「イヴ・サンローランへの手紙」はファッションデザイナーのイヴ・サンローランのパートナーだったピエール・ベルジェが、亡くなったサンローラン宛に書いた手紙(散文)がまとめられている。
サンローラン存命時は、
その大いなる才能と、
それに伴う名声と、
ドラッグと、
アルコールと、
世間との折り合い的なやつでぐちゃぐちゃになり、関わる皆がものすごく苦しそうなのだが、
ベルジェの手紙には、それらが終わった後の奇妙な静けさと、ひたすらに彼の寂しさが述懐されている。
君のうつろで寂し気なまなざしが、二度と以前のようにはならなかったのだ。
初めの頃にはあれほど陽気で、茶目っ気に溢れていた君のあのまなざし。
キクー、君がいなくてとても寂しい。
(※キクーはサンローランのニックネーム)
また繰り返すが、君にそこにいてほしい。
けれど私は私の青春時代のイヴに呼びかけているのだよ。
何でもする準備があり、フットワークがよく、インテリで、優秀で、あらゆることを愛する自由があり、柔軟で、称賛することを知っているイヴ。
ディオールの埋葬式で出会った20代の2人が、その後50年も連れ添うとはどんな奇跡だったんだろう。
「イヴ・サンローランへの手紙」と、タイトルが付けられているが、実際これは恋文なのだと思う。

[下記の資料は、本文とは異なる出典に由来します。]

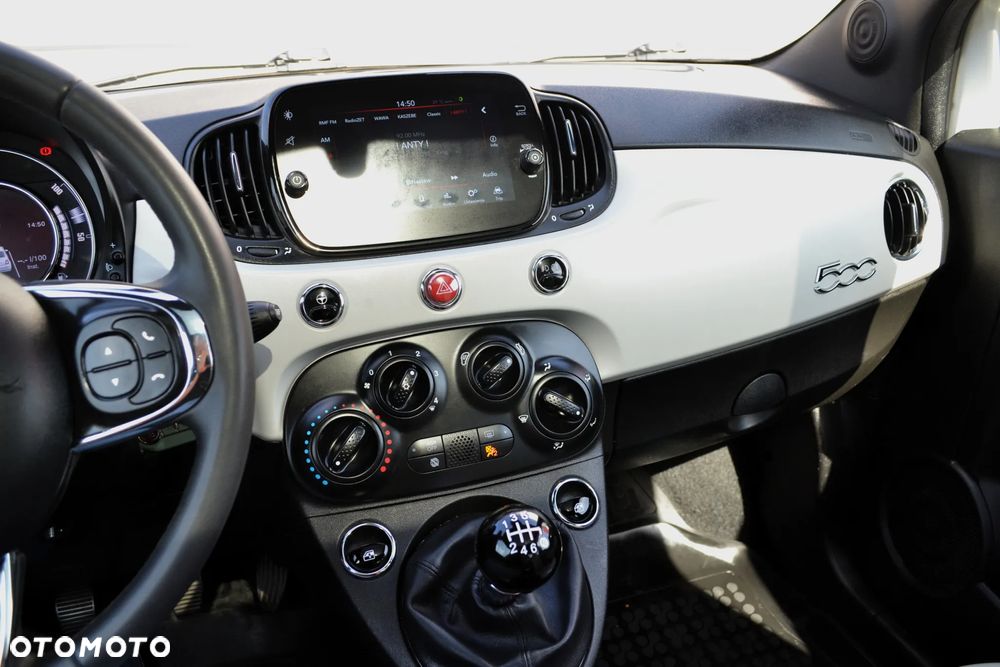 Fiat 500 1.0 Hybrid Launch Edition - 16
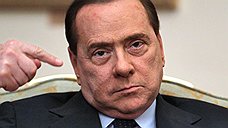 Сильвио Берлускони приговорен к году тюрьмы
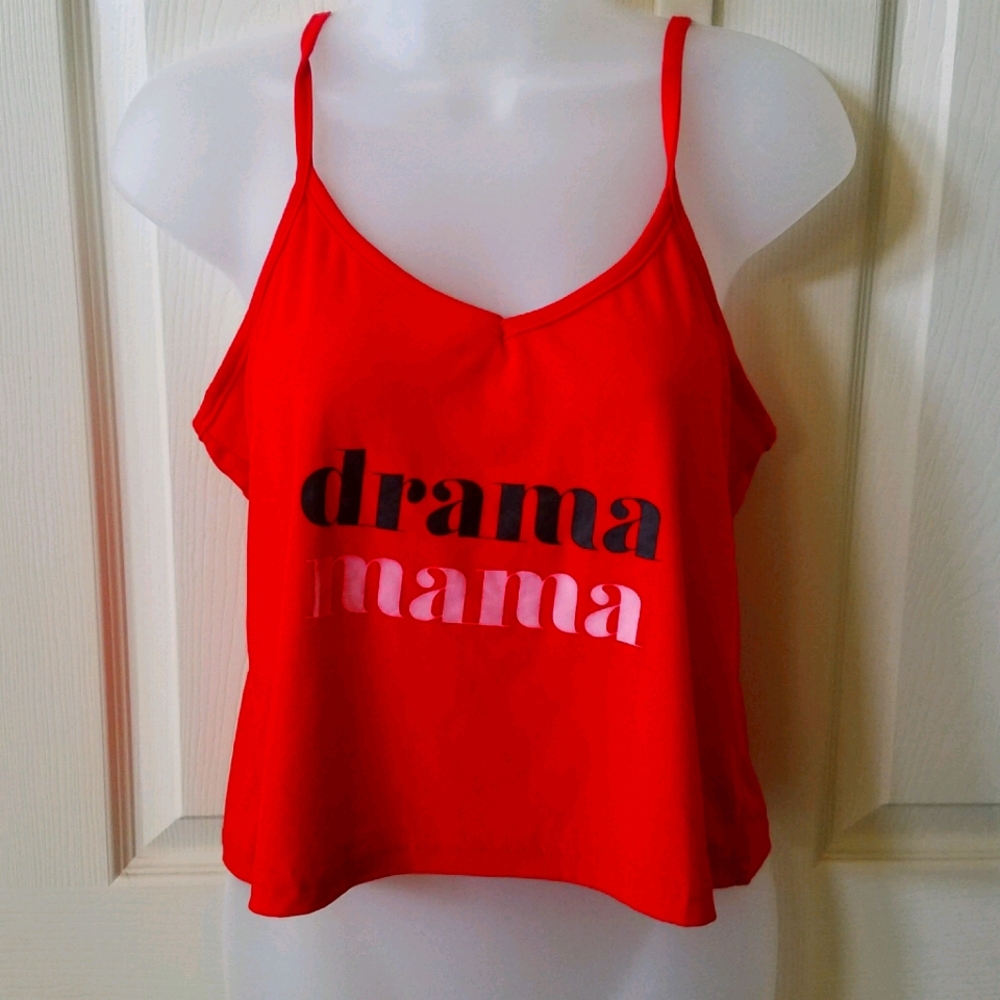 Drama Mama Tank Top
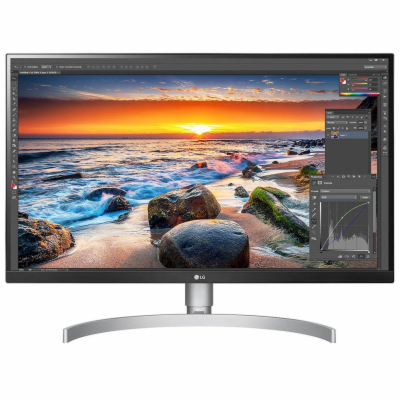 LG monitor 27UP85NP IPS 4K / 3840x2160 / 5ms / 1200:1 / 4...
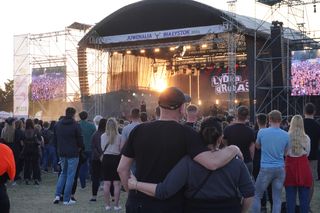 Juwenalia Białystok 2024. Co za koncerty! Tak wyglądał drugi dzień studenckiej imprezy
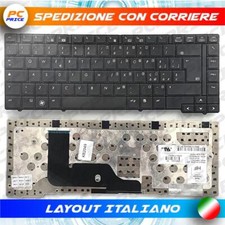 TASTIERA ITALIANA HP PROBOOK 583292-061 6037B0046906 609870-061 6440B 6450B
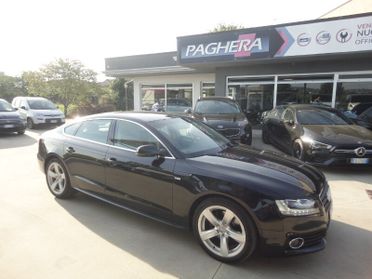 AUDI A5 1ª serie A5 SPB 2.7 V6 TDI F.AP. multi...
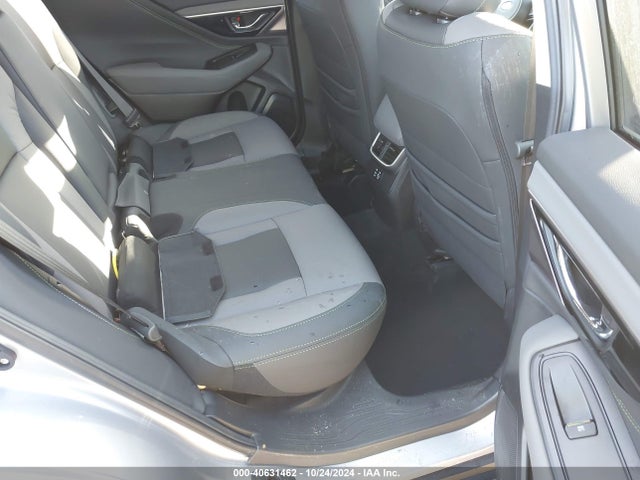 Subaru Outback Onyx Edition 2025 4S4BTALC2S3105597 Image 8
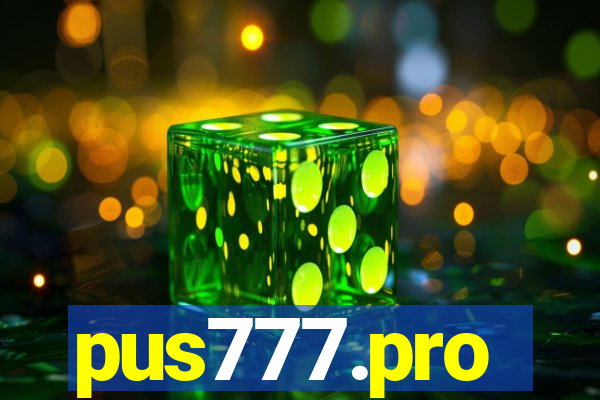 pus777.pro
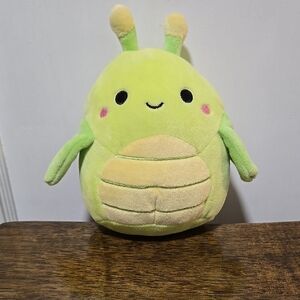 Pilar The Grasshopper Squishmallow
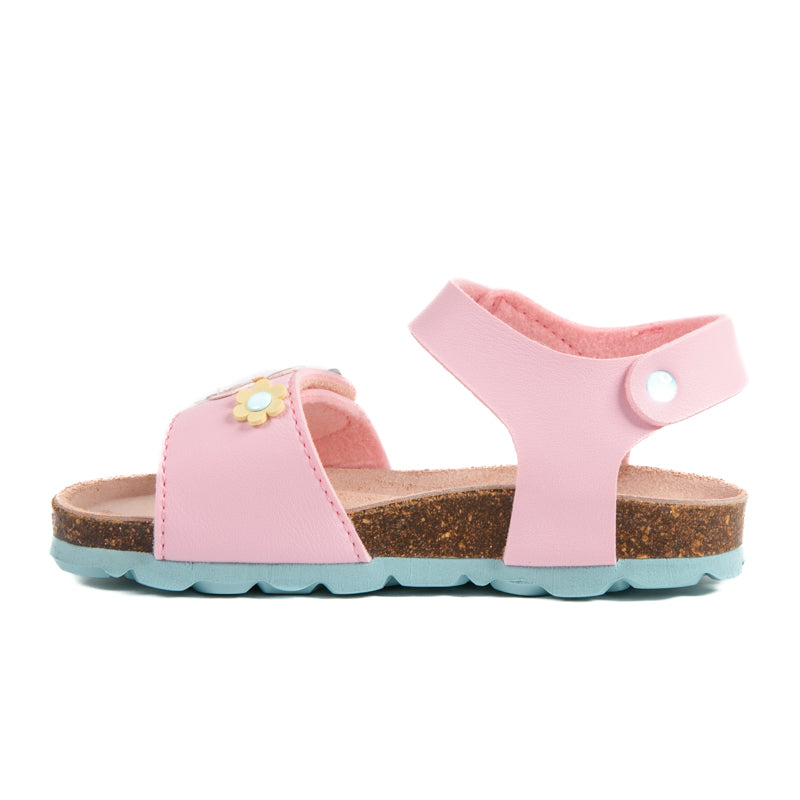 Imagen del producto Sandalia Rosa Niña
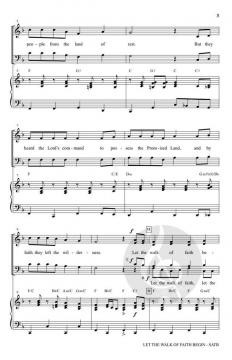 Let the Walk of Faith Begin von Bryan Powell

そうして、邂逅時の彼らの若さや、それに付随する勢いと才能はどれほどだったのだろうとも思う。
最近、
ものすごく理不尽だったり、
汚れたものの中にある(かもしれない)綺麗だった物を見たがっているようで、
何か自分がとてんでもなく不健全な気がしてしょうがないのだが、
それでも彼らの軌跡をもっとちゃんと追いたいと思った。
映画の「イヴ・サンローラン」も再視聴予定。